I can only imagine that I will get back to that kind of range in the coming days and weeks — that I will no longer be posting daily, and sometimes several times a day, about a man scheduled to die. But today I’m not ready.
I will spend today sorting out what my relationship needs to be with the anti-death penalty movement. I’m very clear on the fact that no one person can be equally active on all the issues to which they feel an attachment, and I have spent the better part of 25 years advocating for peace and reconciliation between Israel and Palestine. There are only so many hours in the day, and I have children to read to and a husband to laugh with, not to mention the other joys and drudgeries of a blessed life.
But I cannot simply walk away from last night. Mr. Davis’s final statement to supporters, the day before his execution, read:
The struggle for justice doesn’t end with me. This struggle is for all the Troy Davises who came before me and all the ones who will come after me. I’m in good spirits and I’m prayerful and at peace. But I will not stop fighting until I’ve taken my last breath.
The only way his spirit can move forward now is if we carry it for him. We are now Troy Davis.
To those who may be feeling lost and horrified, ashamed and grief-stricken, I want to say that I share all of those emotions. I am deeply, deeply ashamed of the country — my country — that allowed this travesty of justice to go forward. I am horrified at the vision of an innocent man strapped to a gurney and injected with poison, grief-stricken over the loss, and at a loss as to what to do with all the emotions.
But I am also proud — so, so proud — of all of the Americans who came together to fight for the life of this complete stranger. Most of us don’t know each other, most of us wouldn’t recognize each other on the street. And yet we reached out and sent letters and signed petitions and asked friends and family to do the same and we held hands across miles and wires and jointly created something new, something in which I know Mr. Davis himself had faith. This, too, is American: Not shrugging our shoulders, not giving in, not allowing injustice to go unremarked, but moving out and moving forward on the basis of the Idea and the ideals on which this country was founded. I am grateful to our international brothers and sisters (of whom there are many), but I am proud to share a country with those Americans who fought until the very last minute last night.

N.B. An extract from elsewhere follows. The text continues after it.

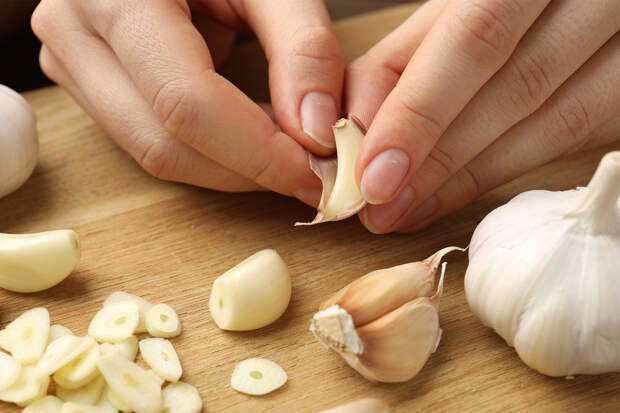 Эскортница объелась чеснока ради клиента с необычным фетишем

If you want to take that energy and that love and start to move forward in Mr. Davis’s name, here’s something you can do right now: Educate yourself about the death penalty and seek ways that you can become active in your area. That’s what I’m going to do. You can start by going to Amnesty International, or Campaign to End the Death Penalty (about which I know very little, having focused on Amnesty), or the ACLU, or the Southern Center for Human Rights (the organization behind the astonishing sign-on letter of former corrections officials calling for clemency for Troy Davis), or the NAACP, or Democracy Now.

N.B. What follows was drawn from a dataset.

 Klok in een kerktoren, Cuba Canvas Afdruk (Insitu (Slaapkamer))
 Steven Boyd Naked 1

If you have some money to spare, please make a donation to any of those organizations, all of which are fighting so hard on what is clearly a rocky battlefield. I gave some money to Amnesty this week, and yesterday threw some more to Democracy Now, out of sheer admiration for the astonishing job they did in producing a two-hour live event that became a six-hour-long broadcast — reporter Amy Goodman is my new hero, and I really don’t have words to describe my regard for the remarkable work she and her whole crew did last night (and please note that Democracy Now also takes donations of equipment).
Finally: It was my birthday yesterday. I will now forever share that day with Troy Davis. It’s my hope that I will find a way to honor the coincidence, and use my remaining years to aid in achieving Mr. Davis’s goal of ending the death penalty forever.